Here is the picard file for the failed specimen

[Thu Nov 14 17:23:52 PST 2019] net.sf.picard.analysis.directed.CalculateHsMetrics BAIT_INTERVALS=/data/mcfadden/kerickson/spades-assemblies/uce-coverage-test/ALC10-UCE-matches-interval.list TARGET_INTERVALS=/data/mcfadden/kerickson/spades-assemblies/uce-coverage-test/ALC10-UCE-matches-interval.list INPUT=/data/mcfadden/kerickson/spades-assemblies/cov/ALC10/ALC10-CL-RG-M-MD.bam OUTPUT=/data/mcfadden/kerickson/spades-assemblies/uce-coverage-test/ALC10.reads-on-target.txt REFERENCE_SEQUENCE=/data/mcfadden/kerickson/spades-assemblies/cov/ALC10/contigs.fasta METRIC_ACCUMULATION_LEVEL=[ALL_READS] VERBOSITY=INFO QUIET=false VALIDATION_STRINGENCY=STRICT COMPRESSION_LEVEL=5 MAX_RECORDS_IN_RAM=500000 CREATE_INDEX=false CREATE_MD5_FILE=false [Thu Nov 14 17:23:52 PST 2019] Executing as smoaleman@purves on Linux 4.4.0-165-generic amd64; Java HotSpot(TM) 64-Bit Server VM 1.7.0_02-b13; Picard version: 1.106(1655) JdkDeflater [Thu Nov 14 17:24:02 PST 2019] net.sf.picard.analysis.directed.CalculateHsMetrics done. Elapsed time: 0.16 minutes. Runtime.totalMemory()=4378001408 To get help, see http://picard.sourceforge.net/index.shtml#GettingHelp Exception in thread "main" net.sf.samtools.SAMFormatException: SAM validation error: ERROR: Record 1, Read name A00572:21:H3WK7DRXX:2:1149:10737:8218, Alignment start should != 0 because reference name != *. at net.sf.samtools.SAMUtils.processValidationErrors(SAMUtils.java:448) at net.sf.samtools.BAMFileReader$BAMFileIterator.advance(BAMFileReader.java:621) at net.sf.samtools.BAMFileReader$BAMFileIterator.(BAMFileReader.java:594) at net.sf.samtools.BAMFileReader$BAMFileIterator.(BAMFileReader.java:582) at net.sf.samtools.BAMFileReader.getIterator(BAMFileReader.java:294) at net.sf.samtools.SAMFileReader.iterator(SAMFileReader.java:336) at net.sf.picard.analysis.directed.CollectTargetedMetrics.doWork(CollectTargetedMetrics.java:118) at net.sf.picard.cmdline.CommandLineProgram.instanceMain(CommandLineProgram.java:179) at net.sf.picard.analysis.directed.CalculateHsMetrics.main(CalculateHsMetrics.java:74)
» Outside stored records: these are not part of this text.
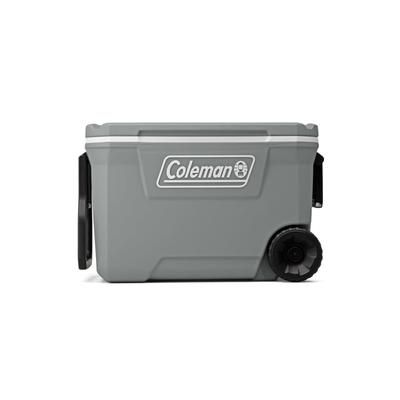 Coleman 316 Series 62-Quart Wheeled Hard Cooler - Ship In Own Container Rock Gray/White/Rock Gray CM1010810001-5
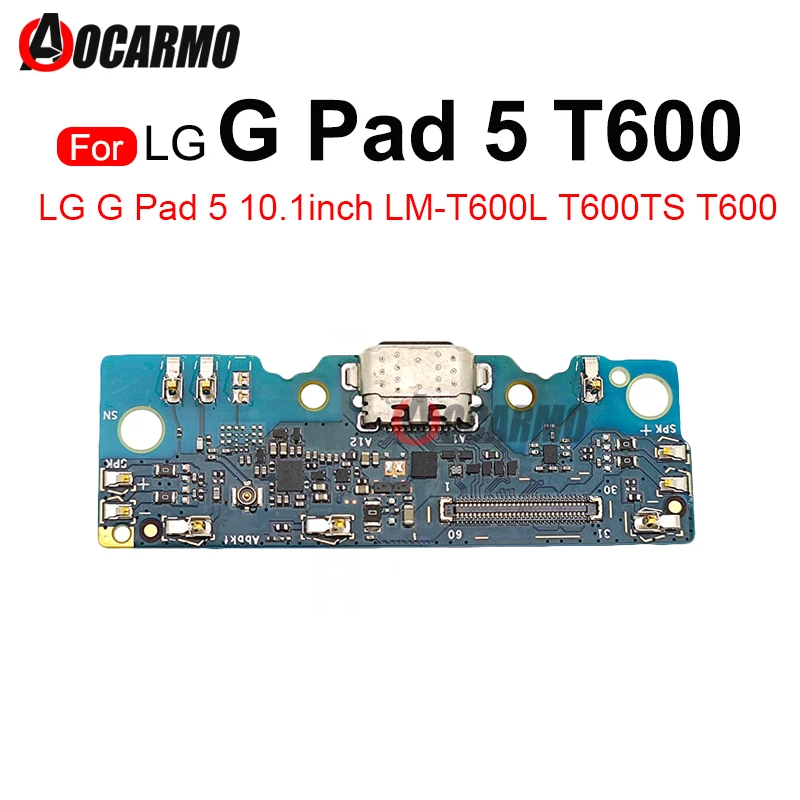 Charging Port Charger Dock Repair Replacement Parts LG G Pad 5 LM-T600L T600TS T600 10.1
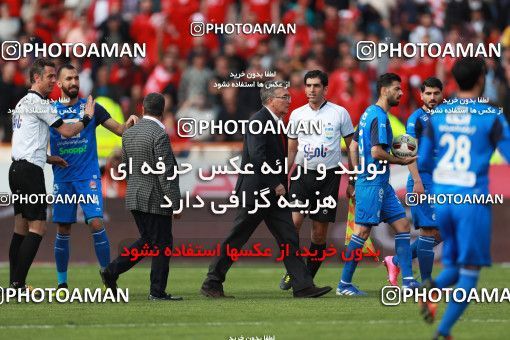 1394775, Tehran, , لیگ برتر فوتبال ایران، Persian Gulf Cup، Week 23، Second Leg، Persepolis 1 v 0 Esteghlal on 2019/03/30 at Azadi Stadium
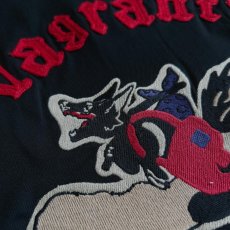 画像13: 【ALCARZA】バック刺繡ボーリングシャツ（WOLF BLACK） (13)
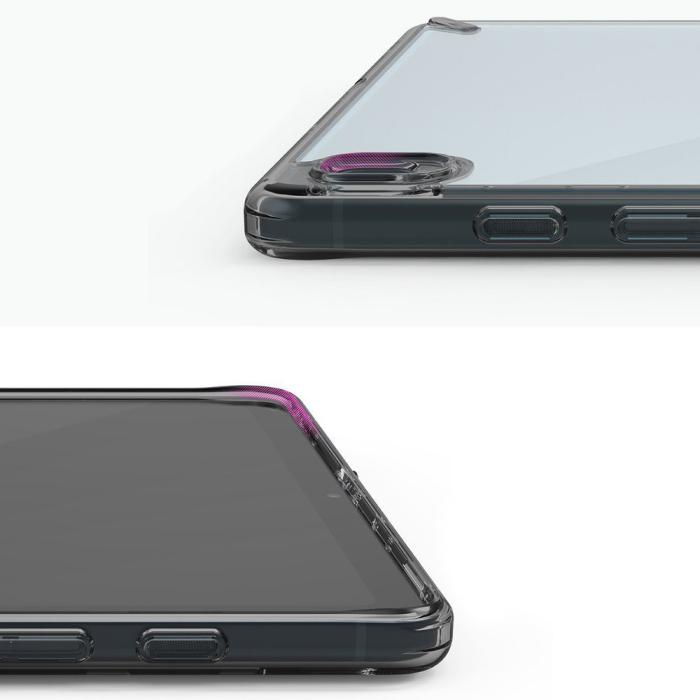 UTGATT4 - Ringke Fusion Bumper Skal Samsung Galaxy Tab S6 Lite - Grå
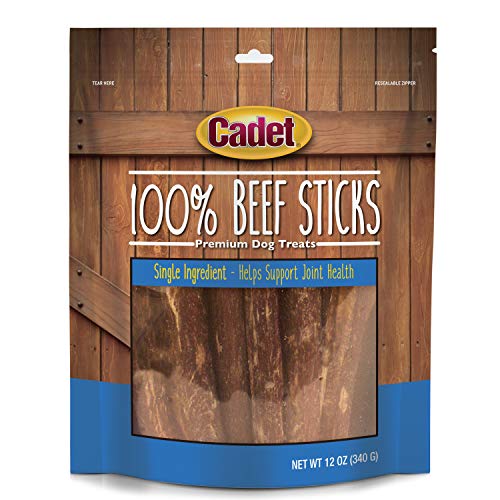 Cadet Beef Sticks No Additives - Premium Dog Treats 12-Ounce von Cadet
brantfaircloth commented 4 years ago

I’ll take a look... I found something yesterday but don’t have the link handy on my phone. Could you also dig out the SAM/BAM causing problems and run Picard’s ValidateSam against it? That may help us diagnose the issue.
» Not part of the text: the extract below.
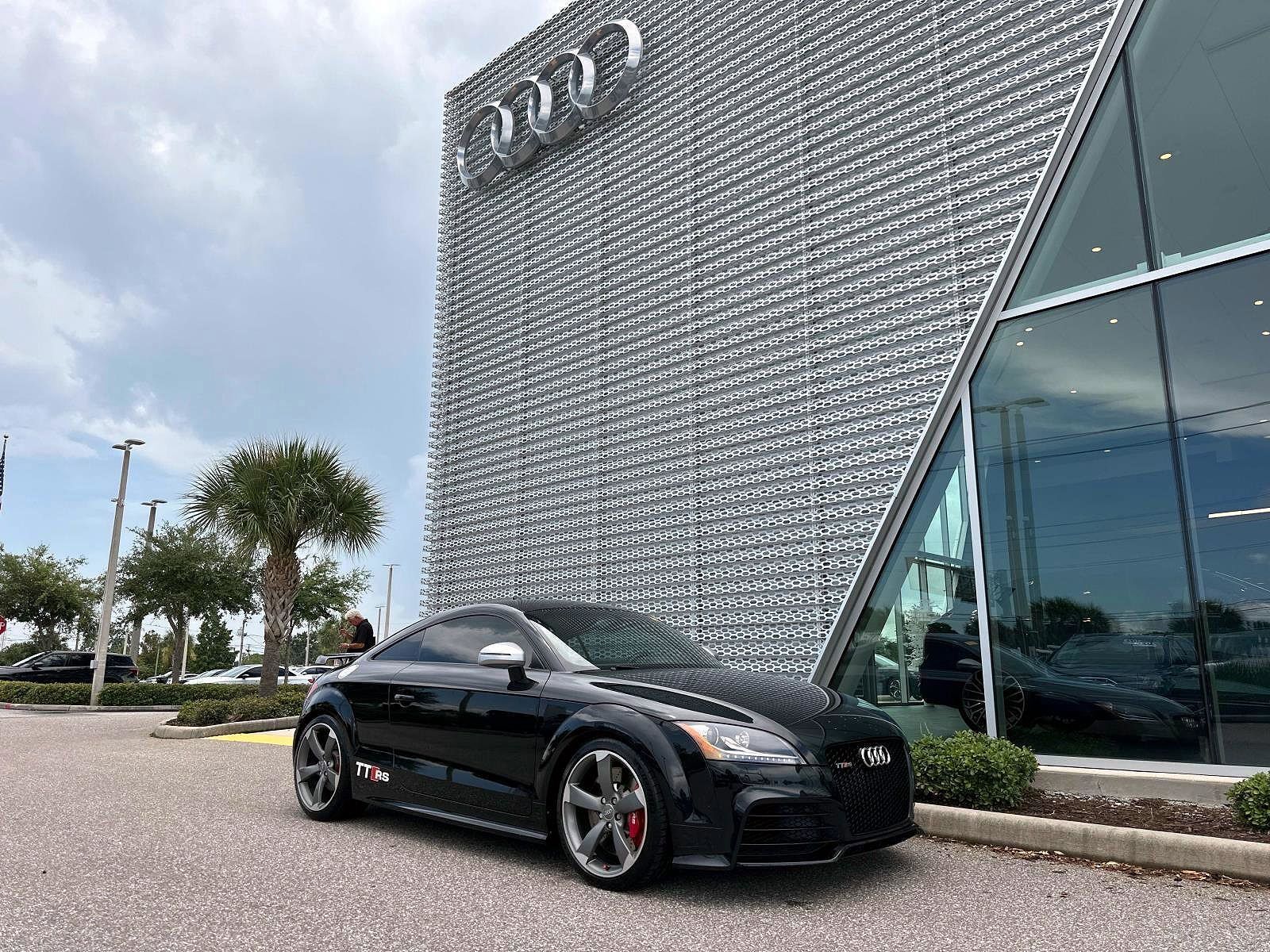 Audi TT RS
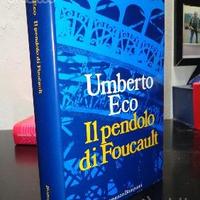 Il nome della rosa+5 prime ed. Bompiani di U.Eco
brantfaircloth commented 4 years ago

Two links to check (I'm at work now):

http://seqanswers.com/forums/showthread.php?t=39357 https://gatkforums.broadinstitute.org/gatk/discussion/7618/picard-alignment-start-should-0-because-reference-name

let's see what ValidateSamFile has to say...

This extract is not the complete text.